Authority is scare on the subject, and we are driven to basic materials. The legislative history indicates that the attorneys' fees portion of section 222(b)(2) was, like its "clear and patent violation" jurisdictional standard discussed above, designed to discourage harassing lawsuits and to permit recovery of fees "where the action brought is not warranted by the facts and circumstances." Obviously the inclusion of this statutory language by Congress was meant to supplement the existing equitable, non-statutory power of a federal court to award such fees against a party guilty of oppressive conduct or bad faith. Reading the statute and the legislative history in context, we concluded that where a plaintiff, such as Aaacon, brings a suit which is found to lack a section 222(b)(2) jurisdictional basis ("clear and patent violation"), an award of attorneys' fees to the successful defendant should follow in the absence of unusual countervailing equitable considerations not present here. This interpretation seems to us the one most consistent with the statutory language and its legislative history, and we need decide no more to dispose of the question whether fees were properly awarded in this case.
S.Rep. No. 1588, 87th Cong., 2d Sess. 6 (1962).
See 10 C. Wright A. Miller, Federal Practice Procedure: Civil § 2675 at 192 (1973).
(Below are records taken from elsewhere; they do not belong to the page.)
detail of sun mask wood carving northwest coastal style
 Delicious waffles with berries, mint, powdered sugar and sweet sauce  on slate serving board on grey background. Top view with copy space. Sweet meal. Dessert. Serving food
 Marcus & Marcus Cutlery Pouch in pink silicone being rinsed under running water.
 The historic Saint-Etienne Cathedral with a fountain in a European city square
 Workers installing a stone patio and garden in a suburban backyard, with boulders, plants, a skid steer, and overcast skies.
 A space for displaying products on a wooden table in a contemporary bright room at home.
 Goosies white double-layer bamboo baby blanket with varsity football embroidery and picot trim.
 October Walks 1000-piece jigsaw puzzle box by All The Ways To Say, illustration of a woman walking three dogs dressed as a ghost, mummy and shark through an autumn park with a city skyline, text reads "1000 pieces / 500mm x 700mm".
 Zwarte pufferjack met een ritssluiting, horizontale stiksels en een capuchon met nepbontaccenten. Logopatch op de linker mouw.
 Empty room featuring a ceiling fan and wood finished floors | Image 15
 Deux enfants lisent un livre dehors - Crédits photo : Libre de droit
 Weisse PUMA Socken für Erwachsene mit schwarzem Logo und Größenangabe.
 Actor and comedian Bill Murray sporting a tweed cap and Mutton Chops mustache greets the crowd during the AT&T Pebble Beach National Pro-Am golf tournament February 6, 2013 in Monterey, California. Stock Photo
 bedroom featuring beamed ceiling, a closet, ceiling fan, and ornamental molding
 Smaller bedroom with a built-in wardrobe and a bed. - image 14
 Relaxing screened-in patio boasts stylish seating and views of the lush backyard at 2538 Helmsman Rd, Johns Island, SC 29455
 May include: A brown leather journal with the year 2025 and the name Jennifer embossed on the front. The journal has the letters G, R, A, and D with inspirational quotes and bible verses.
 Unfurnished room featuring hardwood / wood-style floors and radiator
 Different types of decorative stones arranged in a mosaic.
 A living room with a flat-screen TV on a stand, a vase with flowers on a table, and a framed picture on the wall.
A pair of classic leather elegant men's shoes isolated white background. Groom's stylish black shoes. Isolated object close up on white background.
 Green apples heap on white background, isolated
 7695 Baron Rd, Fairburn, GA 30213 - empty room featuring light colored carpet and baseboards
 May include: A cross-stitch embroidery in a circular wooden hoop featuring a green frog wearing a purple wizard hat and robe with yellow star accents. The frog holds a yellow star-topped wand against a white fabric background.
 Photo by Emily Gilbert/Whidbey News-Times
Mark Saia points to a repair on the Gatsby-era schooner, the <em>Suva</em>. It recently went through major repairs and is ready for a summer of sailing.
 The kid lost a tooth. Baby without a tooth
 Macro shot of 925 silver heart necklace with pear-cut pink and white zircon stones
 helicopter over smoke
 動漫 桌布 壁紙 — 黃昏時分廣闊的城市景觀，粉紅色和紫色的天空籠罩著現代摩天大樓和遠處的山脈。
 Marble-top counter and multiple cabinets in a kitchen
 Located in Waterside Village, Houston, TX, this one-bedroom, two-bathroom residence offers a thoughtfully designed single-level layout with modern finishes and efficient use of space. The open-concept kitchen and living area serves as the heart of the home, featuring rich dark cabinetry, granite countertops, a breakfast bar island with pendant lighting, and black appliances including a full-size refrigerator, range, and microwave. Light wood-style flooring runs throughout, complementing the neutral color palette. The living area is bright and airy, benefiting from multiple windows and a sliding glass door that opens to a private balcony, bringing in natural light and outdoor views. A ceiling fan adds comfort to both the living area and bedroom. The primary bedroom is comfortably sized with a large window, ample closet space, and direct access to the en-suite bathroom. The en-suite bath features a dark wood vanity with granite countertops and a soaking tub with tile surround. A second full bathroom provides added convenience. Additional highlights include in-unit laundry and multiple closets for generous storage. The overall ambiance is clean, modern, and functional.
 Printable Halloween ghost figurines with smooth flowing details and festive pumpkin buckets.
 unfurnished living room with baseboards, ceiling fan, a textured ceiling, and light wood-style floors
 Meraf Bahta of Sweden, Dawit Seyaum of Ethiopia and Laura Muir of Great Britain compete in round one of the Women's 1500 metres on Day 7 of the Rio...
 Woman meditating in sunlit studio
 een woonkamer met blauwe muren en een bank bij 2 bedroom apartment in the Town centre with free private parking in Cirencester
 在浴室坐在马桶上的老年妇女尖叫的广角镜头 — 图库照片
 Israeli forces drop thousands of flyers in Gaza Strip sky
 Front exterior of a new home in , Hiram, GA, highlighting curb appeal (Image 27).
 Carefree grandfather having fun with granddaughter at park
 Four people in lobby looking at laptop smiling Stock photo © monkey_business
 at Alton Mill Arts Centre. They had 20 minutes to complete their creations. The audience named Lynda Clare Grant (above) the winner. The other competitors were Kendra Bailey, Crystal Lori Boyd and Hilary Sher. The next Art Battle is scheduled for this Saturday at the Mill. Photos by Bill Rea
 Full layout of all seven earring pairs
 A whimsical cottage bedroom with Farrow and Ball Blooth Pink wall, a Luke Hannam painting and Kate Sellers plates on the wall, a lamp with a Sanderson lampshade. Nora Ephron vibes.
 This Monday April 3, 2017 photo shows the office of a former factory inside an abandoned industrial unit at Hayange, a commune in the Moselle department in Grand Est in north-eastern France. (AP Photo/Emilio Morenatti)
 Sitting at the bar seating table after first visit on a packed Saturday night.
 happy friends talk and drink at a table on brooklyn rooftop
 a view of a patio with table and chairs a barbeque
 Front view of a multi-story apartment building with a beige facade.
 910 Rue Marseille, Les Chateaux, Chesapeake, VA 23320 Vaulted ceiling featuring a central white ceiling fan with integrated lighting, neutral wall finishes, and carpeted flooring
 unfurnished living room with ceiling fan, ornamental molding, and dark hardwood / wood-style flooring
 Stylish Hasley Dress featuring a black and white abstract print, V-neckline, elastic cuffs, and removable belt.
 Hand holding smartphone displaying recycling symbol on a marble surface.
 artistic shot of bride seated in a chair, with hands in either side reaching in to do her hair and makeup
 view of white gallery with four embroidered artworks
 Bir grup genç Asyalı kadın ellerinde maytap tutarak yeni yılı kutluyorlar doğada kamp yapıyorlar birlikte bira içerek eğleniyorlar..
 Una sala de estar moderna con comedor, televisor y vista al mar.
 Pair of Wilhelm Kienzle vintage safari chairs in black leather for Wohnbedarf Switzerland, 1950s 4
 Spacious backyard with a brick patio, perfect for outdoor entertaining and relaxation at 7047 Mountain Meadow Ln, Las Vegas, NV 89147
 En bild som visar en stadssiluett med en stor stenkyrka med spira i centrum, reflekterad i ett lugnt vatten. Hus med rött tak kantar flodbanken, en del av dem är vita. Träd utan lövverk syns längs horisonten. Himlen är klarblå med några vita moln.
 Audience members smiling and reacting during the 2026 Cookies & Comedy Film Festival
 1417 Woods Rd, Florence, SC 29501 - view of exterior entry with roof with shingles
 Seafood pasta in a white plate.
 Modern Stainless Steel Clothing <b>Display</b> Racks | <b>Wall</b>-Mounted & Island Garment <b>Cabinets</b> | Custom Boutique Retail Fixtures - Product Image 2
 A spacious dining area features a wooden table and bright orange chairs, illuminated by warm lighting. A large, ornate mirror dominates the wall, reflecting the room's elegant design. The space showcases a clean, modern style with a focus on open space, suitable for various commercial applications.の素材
But while we cannot say the trial court abused its discretion in awarding attorneys' fees to Medlin's counsel, we cannot countenance the procedure followed in the course of making that award. In its order granting summary judgment, the trial judge stated that "defendants shall furnish the court with affidavits and a proposed order of final judgment with an appropriate space left blank for the awarding of attorneys' fees." This was as much notice as Aaacon received on the matter. The record shows that the affidavits requested by the court were filed on the same day that the court entered its judgment. No copies of the affidavits were forwarded to Aaacon's lawyers, and no hearing was conducted on the reasonableness of the requested amounts. Although we do not wish to shackle trial courts with any ironclad procedural rules that must always be followed whenever attorneys' fees are granted, we do believe that the court below failed to accord Aaacon even the most rudimentary requirements of notice and opportunity to dispute the matter in any way. For that reason, we vacate the fee award and remand for a redetermination of the question.
We find wholly unmeritorious Aaacon's similar claim that it was not given a fair opportunity to respond to Medlin's motion for summary judgment. Although Aaacon was apparently experiencing difficulty with local counsel when the motion was filed, the case had been on the docket for over ten months, and the trial date was only a month away. The trial court granted Aaacon one extension of time on the motion; it did not abuse its discretion in refusing to grant a second.
AFFIRMED IN PART, VACATED AND REMANDED IN PART.